Topic: Lost Lover's Lullaby

Got talking with Brian (easybeat) about songwriting..... got me thinking about older songs I had written but never followed through with

  Song I dragged this out of the closet and reworked it -  kinda sad.

https://soundcloud.com/james-kenyon-997 … rs-lullaby

The price of anything, is the amount of life you exchange for it.   - H.D. Thoreau
Your vision is not limited by what your eye can see, but what your mind can imagine.
Make your life count, and the world will be a better place because you tried.
"Use the talents you possess, for the woods would be very silent if no birds sang except only the the best." - Henry Van Dyke

Re: Lost Lover's Lullaby

hey jim, glad you pulled this one out of the closet. theres something about going back to old songs that hits different - you hear things in them you didn't notice when you first wrote them.

i've got a couple half-finished songs sitting in a notebook that i keep meaning to revisit. the conversation with brian must've been a good one to spark that.

the title alone has a nice ring to it - lost lover's lullaby. gonna give it a listen on soundcloud when i get a chance later tonight. kinda sad songs are usually the ones that stick with people the most anyway.     

Re: Lost Lover's Lullaby

There's something really special about revisiting old material, Jim. I have a whole folder of piano pieces I started years ago and never finished, and every now and then I'll sit down and play through one and hear it completely differently than I did back then. It's like you've grown as a musician in the meantime without even realizing it, and suddenly you know exactly what the song needs.
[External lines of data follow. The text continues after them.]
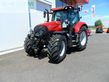 Tractor agrícola - Case IH - maxxum 125 cvx CVX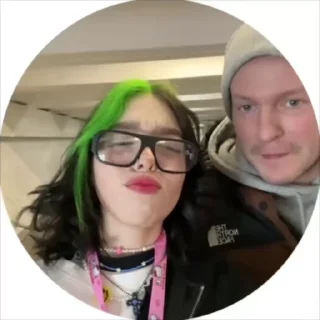 🌟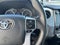 2016 Toyota Tundra 2WD Truck CrewMax 4.6L V8 6-Spd AT SR5 (Natl)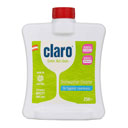 مایع جرم گیر ماشین ظرفشویی 250 میلی‌لیتری کلارو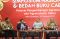 Simposium Nasional 2017...
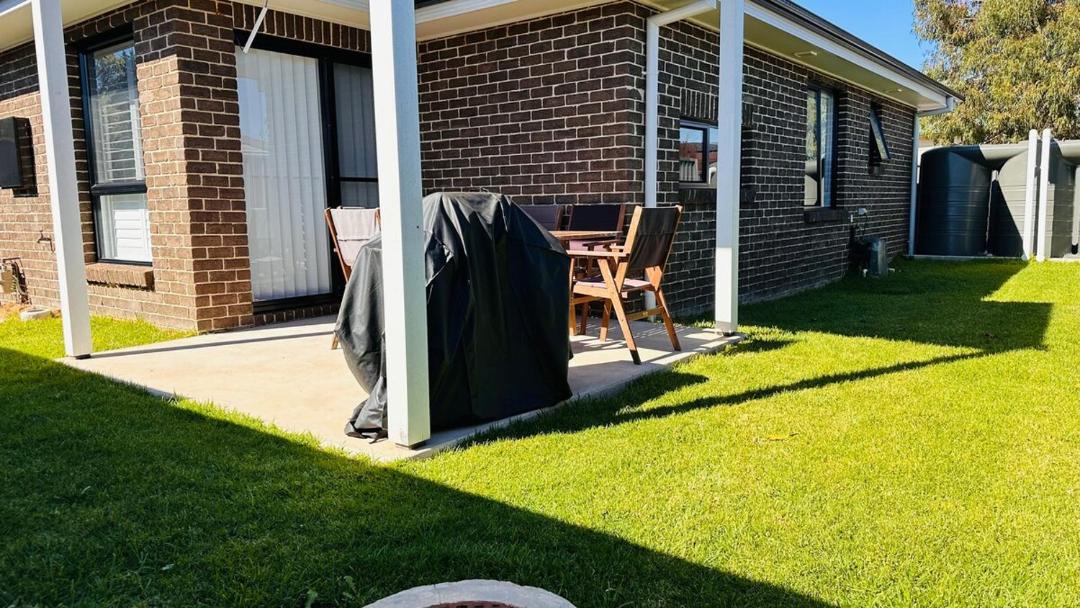 Photo of Others in Bletchington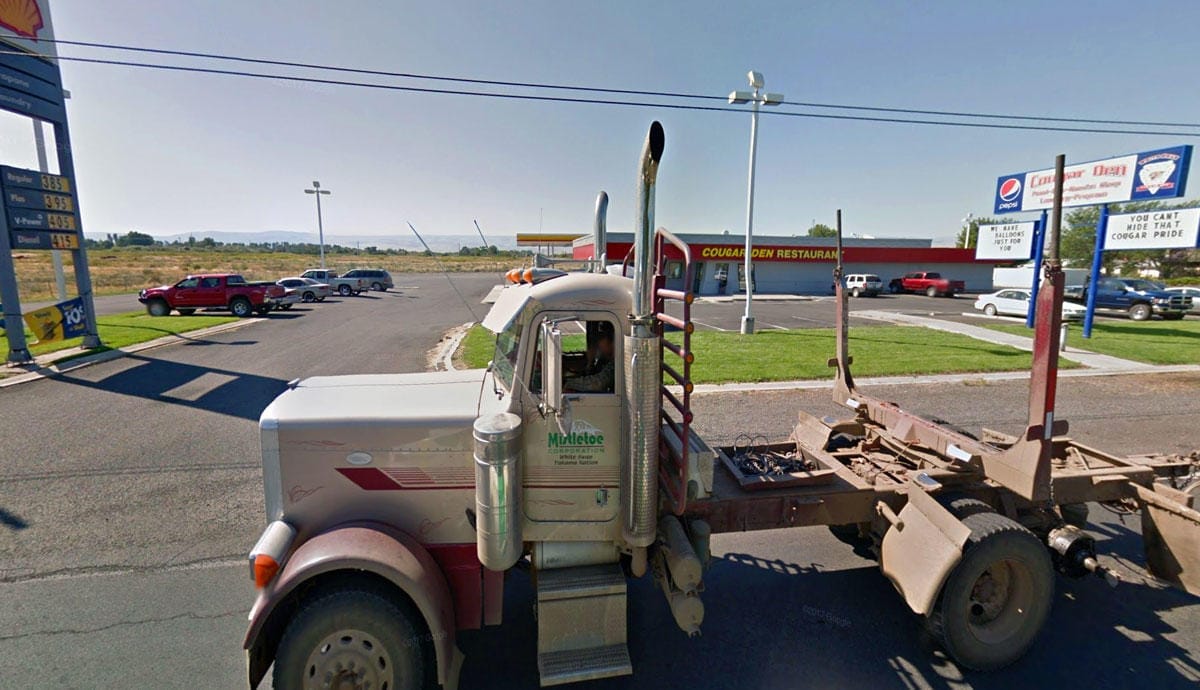 Supreme Court #39 s fuel tax ruling will be a big deal for WA tribes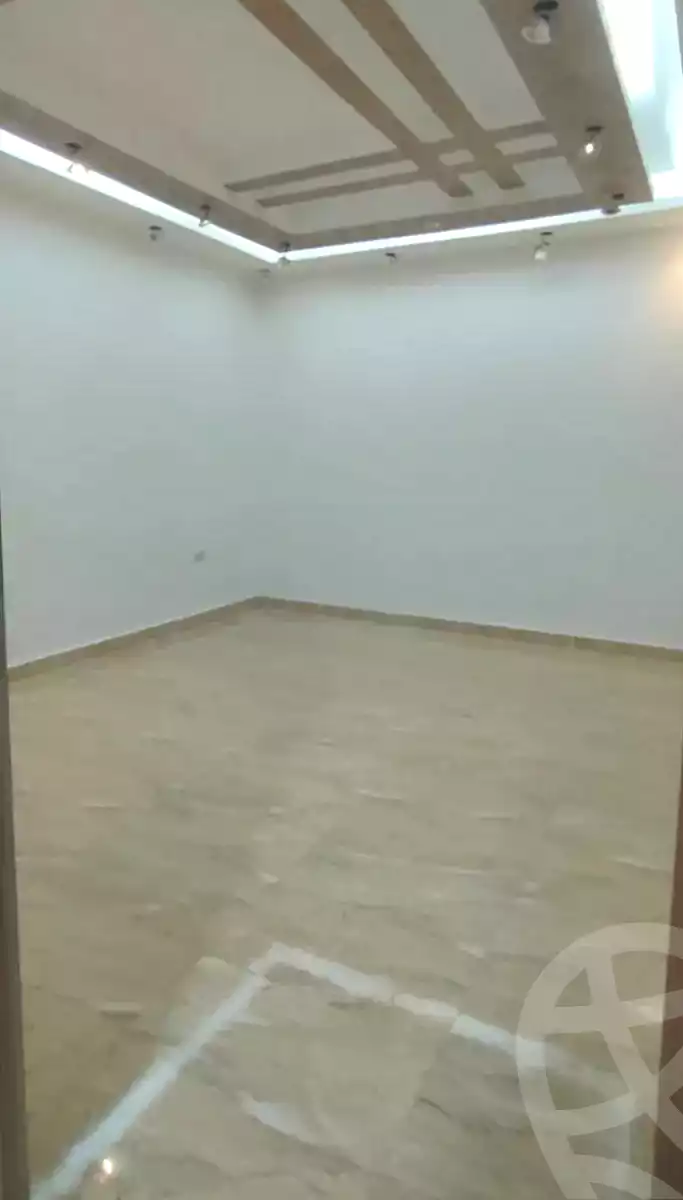 https://aqarmap.com.eg/en/listing/7334630-for-sale-alexandria-al-agamy-lbytsh-bianchiii-el-arbaeen-st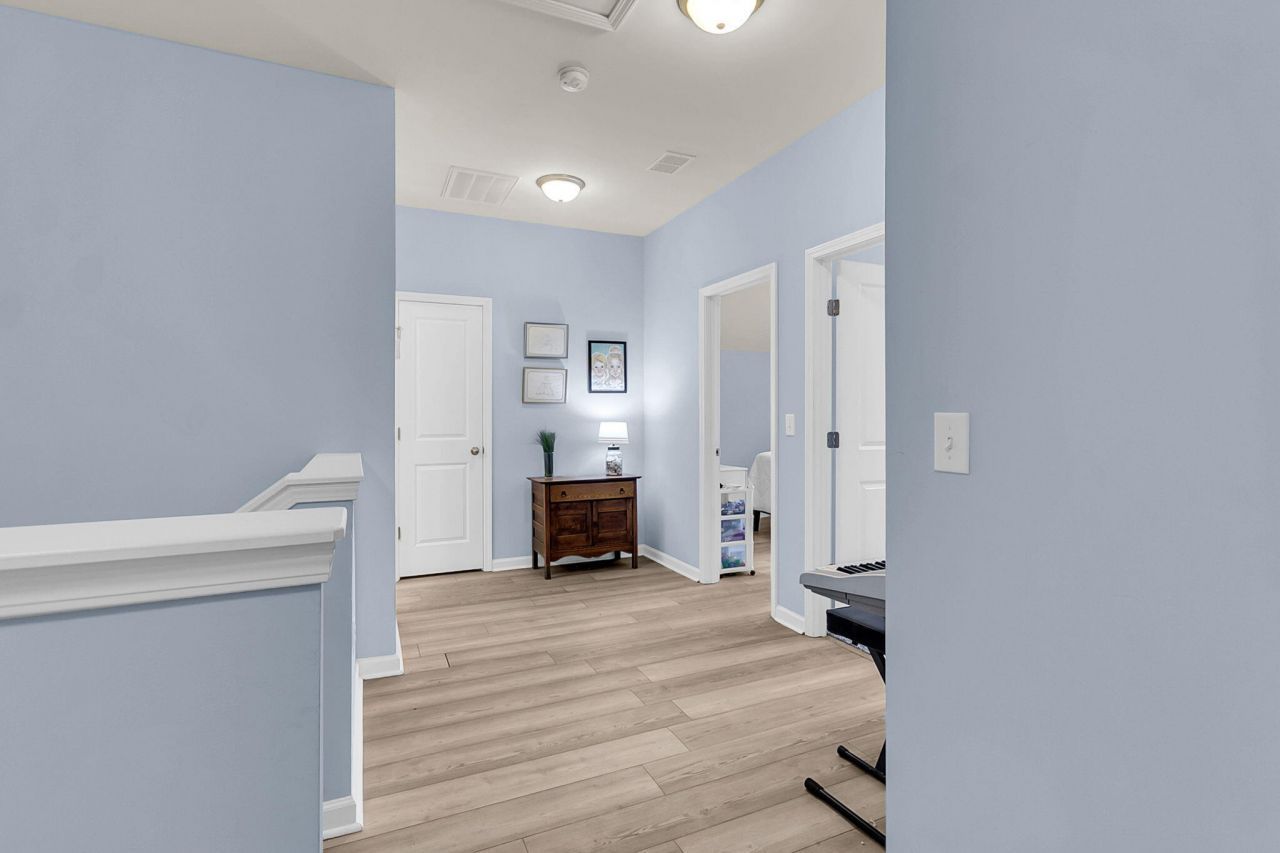 445 Watergrass Way Photo 37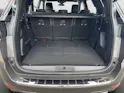 Peugeot 5008 1.5 BlueHDi GT Line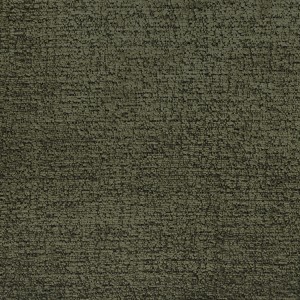Tkanina Casamance 41151365 Variance ze wzorem Tekstura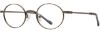 Picture of Scott Harris Vintage Eyeglasses SH-VIN-69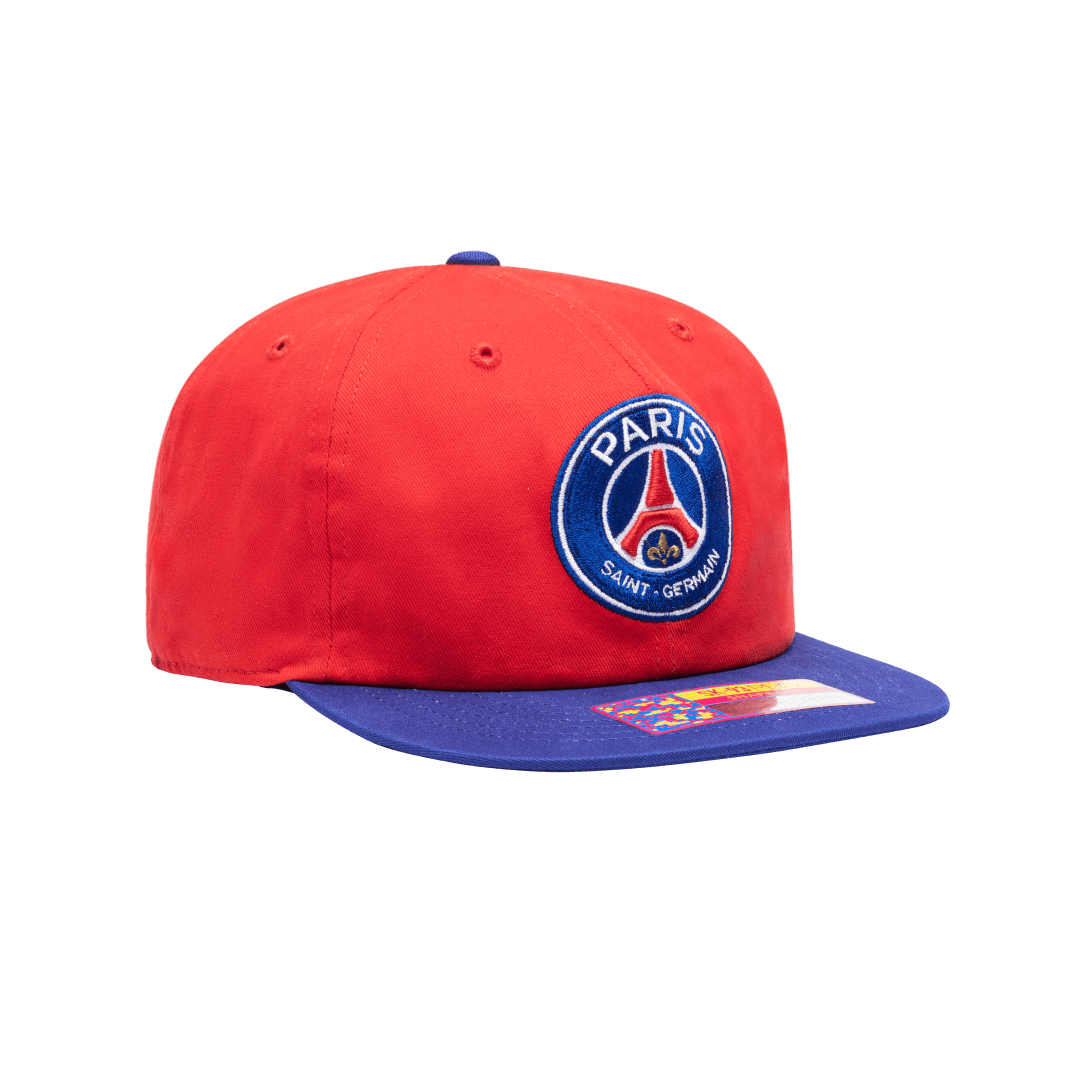 Paris st germain cap online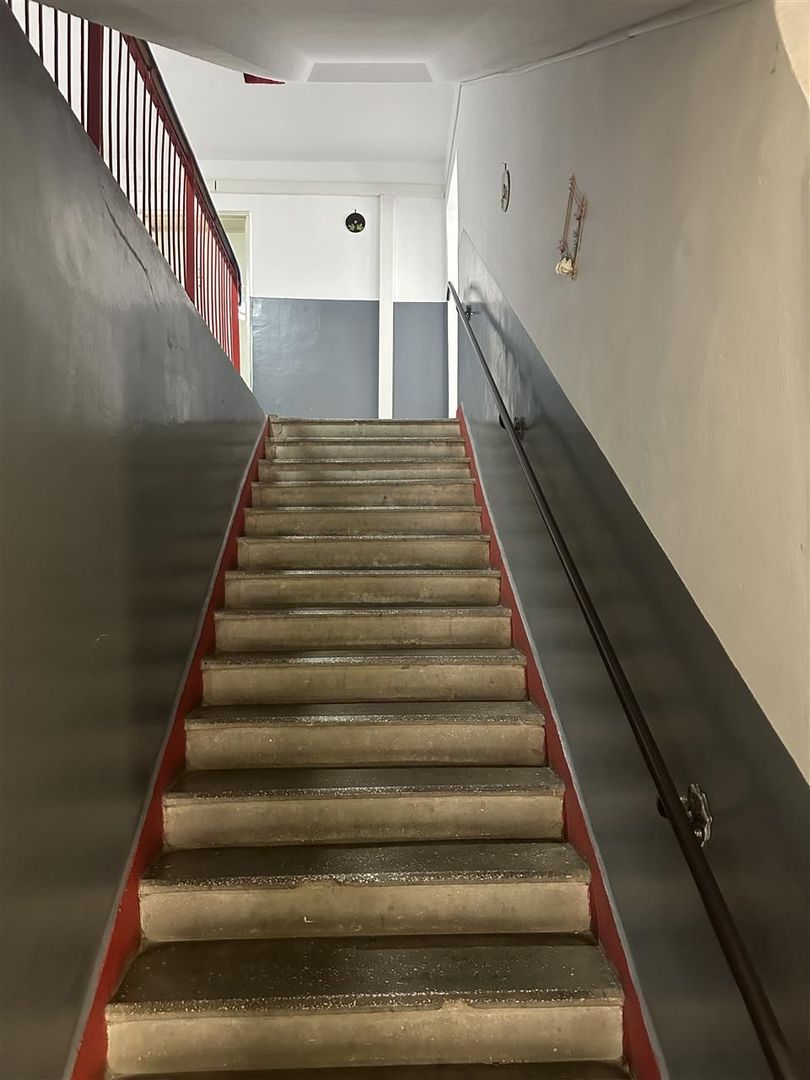 Garsoniera Dragos Voda - Poză 8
A lullaby is such an interesting form too — it has to be gentle enough to comfort but still carry emotional weight. The "lost lover" angle adds this bittersweet layer where the tenderness of a lullaby meets the ache of missing someone. That contrast is hard to get right without tipping too far one way.

Going to give it a listen. I imagine the reworked version probably has a maturity to it that the original couldn't have had, just from the time and experience between drafts.